Mobile Satellite Internet Terminals
There are two satellite internet terminal providers: Inmarsat Broadband Global Area Network (BGAN) and Thuraya Internet Protocol (T-IP). BGANs provide global coverage, T-IPs are limited to Europe, Middle East, Indonesia, Australia and parts of Africa and Asia. Both BGAN and T-IP offer Ethernet, wireless, and USB connectivity. Most mobile internet terminals require specific orientation to capture the satellite signal and can have their signal interrupted by adverse weather, buildings and other interference.
Data charges can be quite expensive for these terminals. For offices expected to rely heavily on the terminal, T-IP offers an unlimited data plan. The lower speed Thuraya IP unlimited usage plans costs 2,750 USD per month. In comparison, BGAN offers mid-level plans that would start at 440 USD per month for 92 MB with additional usage billed at 4.75 USD per MB. Usage of 500 MB per month would approach the price of the Thuraya unlimited plan. BGAN produces a range of satellite terminals that provide internet access, voice calling and video conferencing. The cheaper models require laptops to be plugged in with an analog phone cord. More advance models allow Bluetooth and/or wireless connections.
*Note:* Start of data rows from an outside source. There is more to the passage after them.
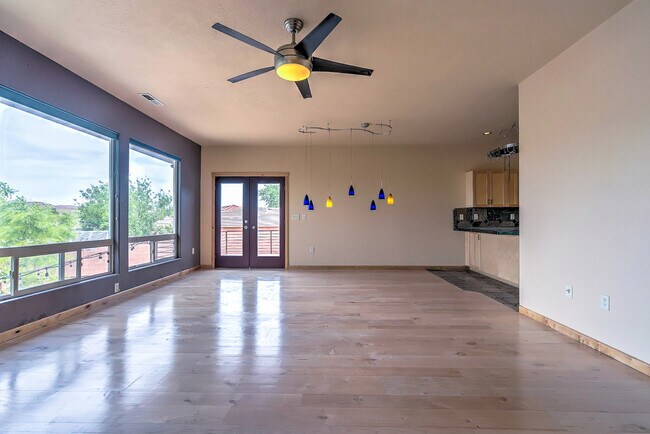 Foto del edificio - Pet Friendly, 4 bed, 3 bath, Gorgeous Home...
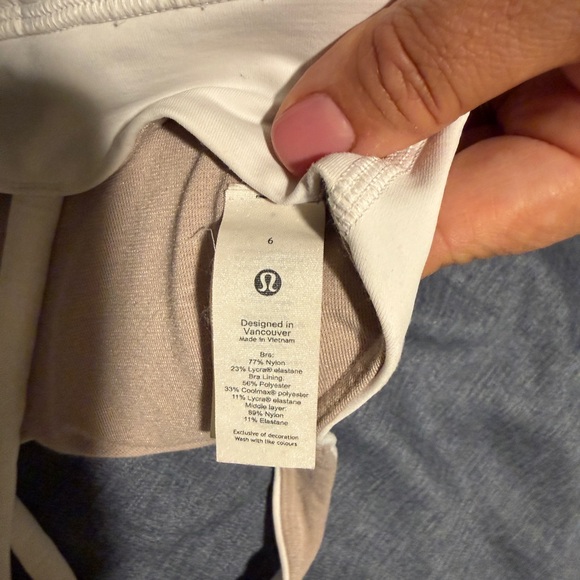Lululemon Sports Bra 🖤 | Size 6 | Color White - Picture 5 of 5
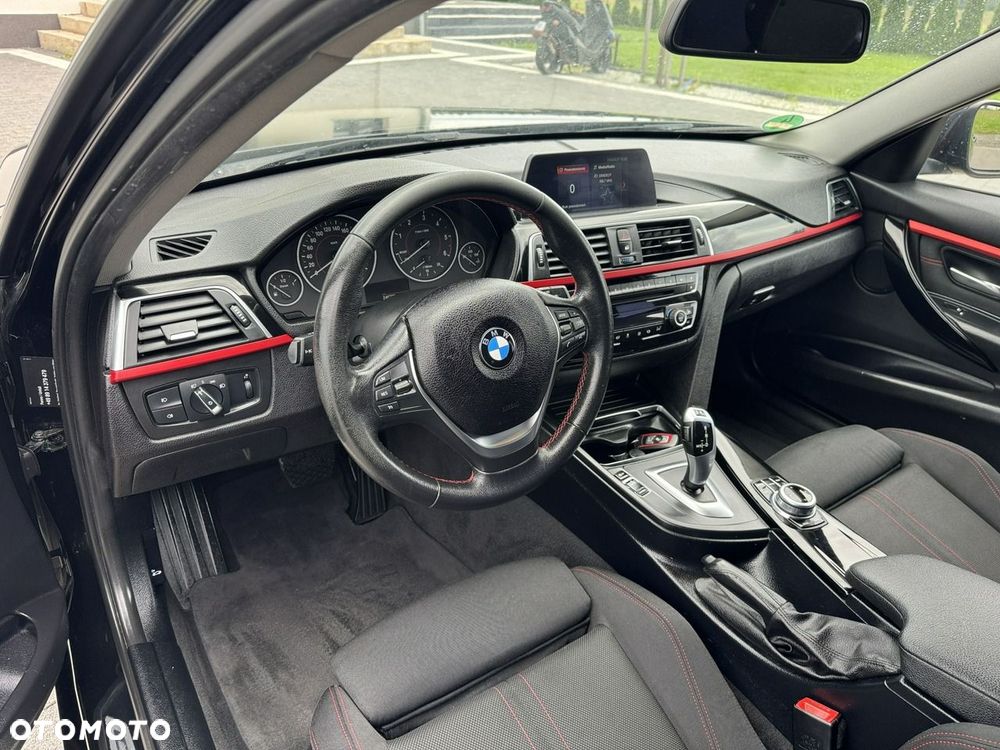 BMW Seria 3 318d Sport Line - 16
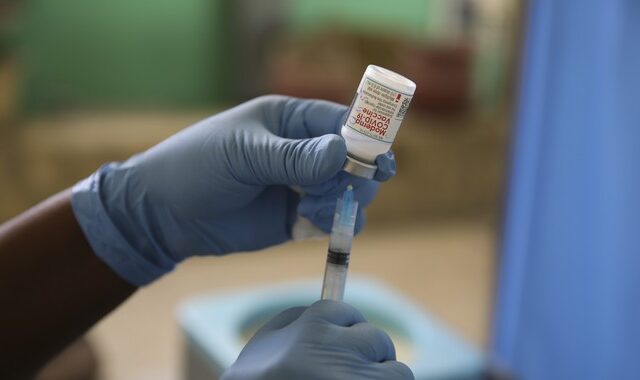 Εμβόλιο κορονοϊού: Το booster προφυλάσσει κατά 93% από τη νοσηλεία και κατά 81% από το θάνατο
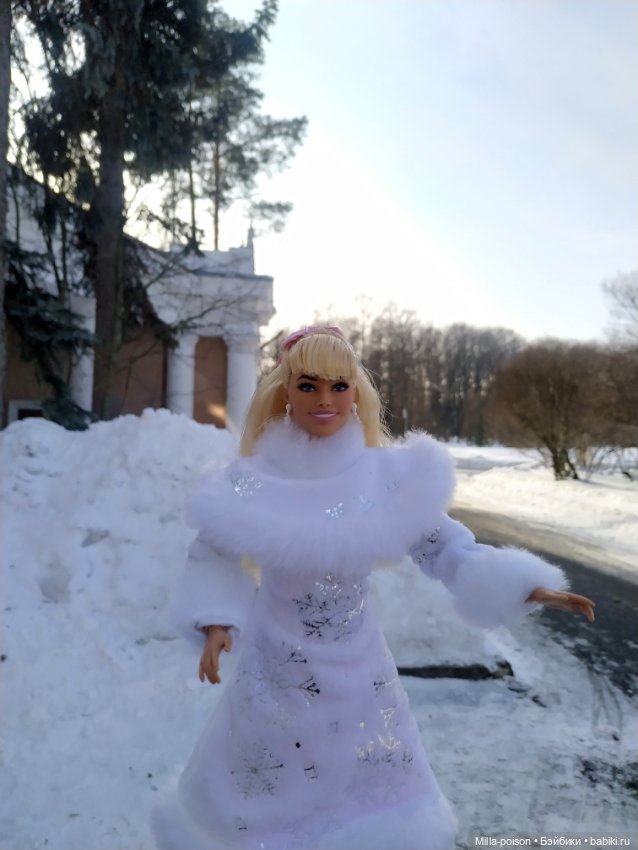 Марго Робби — Куклы Barbie (Барби): Looks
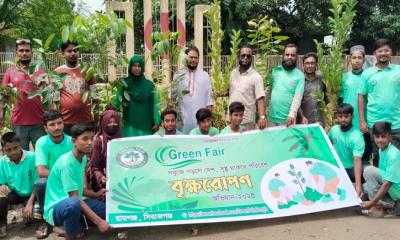 রায়গঞ্জে ‘গ্রীণ ফেয়ার’-এর উদ্যোগে গাছের চারা রোপণ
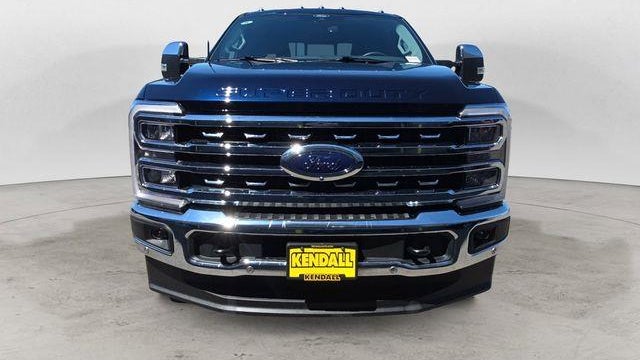 2025 Ford F-350 Super Duty King Ranch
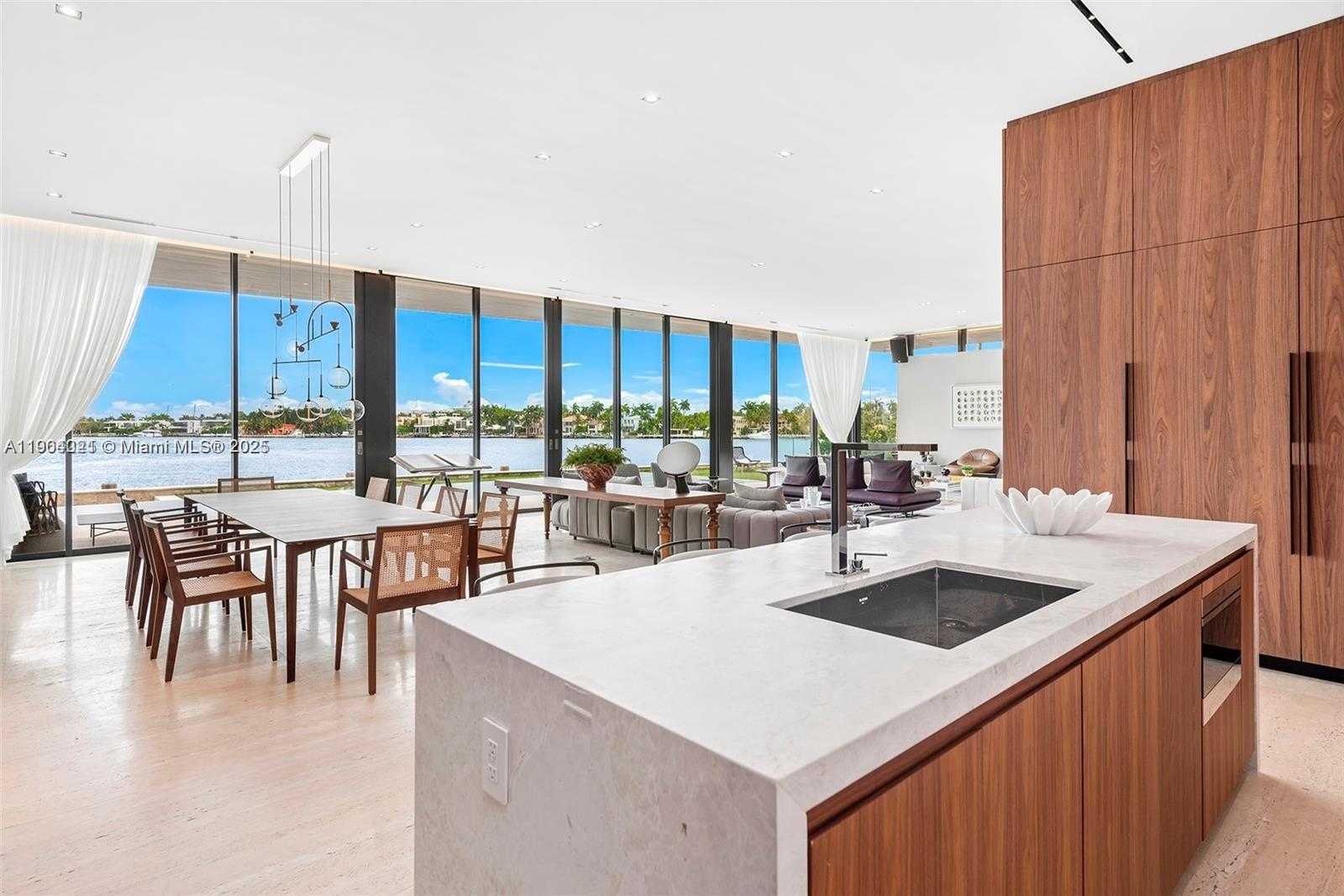 Small Image of 15 EAST SAN MARINO DR #15, Miami Beach Number 51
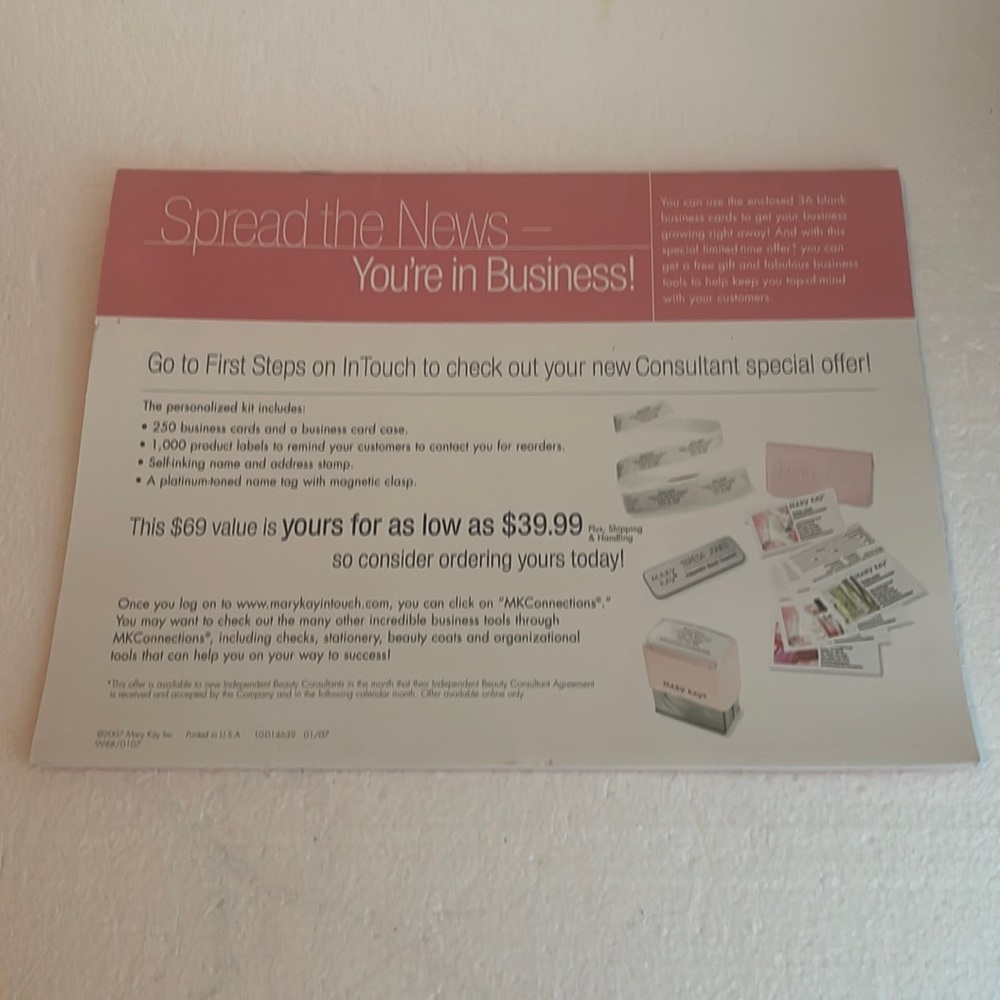 Mary Kay spread the news you’re in business blank business cards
Vehicle based BGANs are also available.
The main features that BGAN offers that are not available from T-IP is voice calling, SMS , ISDN services, and Bluetooth . BGAN has a variety of models with different bandwidth capacities so teams can select the bandwidth size they think works with their connectivity needs. Most CRS emergency teams will be relying on satellite and cellular phones for these needs, and thus would not require them from their satellite internet terminal.
|Mobile Satellite Internet Terminals|
|Sample Products||BGAN Thrane Explorer 300/ Thuraya IP|
|Manufacturer link:||Inmarsat (BGAN) / Thuraya|
|EFOM link:||Inmarsat (BGAN) Thrane Explorer 300 / Thuraya IP|
|Running Costs||$3-$7 per MB|
|Advantages||Lightweight, very mobile, low purchase cost when compared to VSAT, easy to set up,|
|Disadvantages||Limited number of concurent users (1-3), expensive to run, slow connection speeds,|
|Ideal use.||Assessment and mobile teams, and during the initial set up of new offices to move low volumes of data.|
To help reduce costs it is possible to reduce data usage by disabling picture download functions.
Ensure that CRS IT has tested all internet terminals before deployment. Field teams need to be briefed on operation and troubleshooting and simple written instructions should be kept with the unit.
Field sites that will use satellite internet connections need to take care that all components are testing and operational before deployment and that field teams have comprehensive training on use and trouble shooting. Most satellite internet terminals require specific orientation to capture the satellite signal and can have their signal interrupted by adverse weather, buildings and other interference.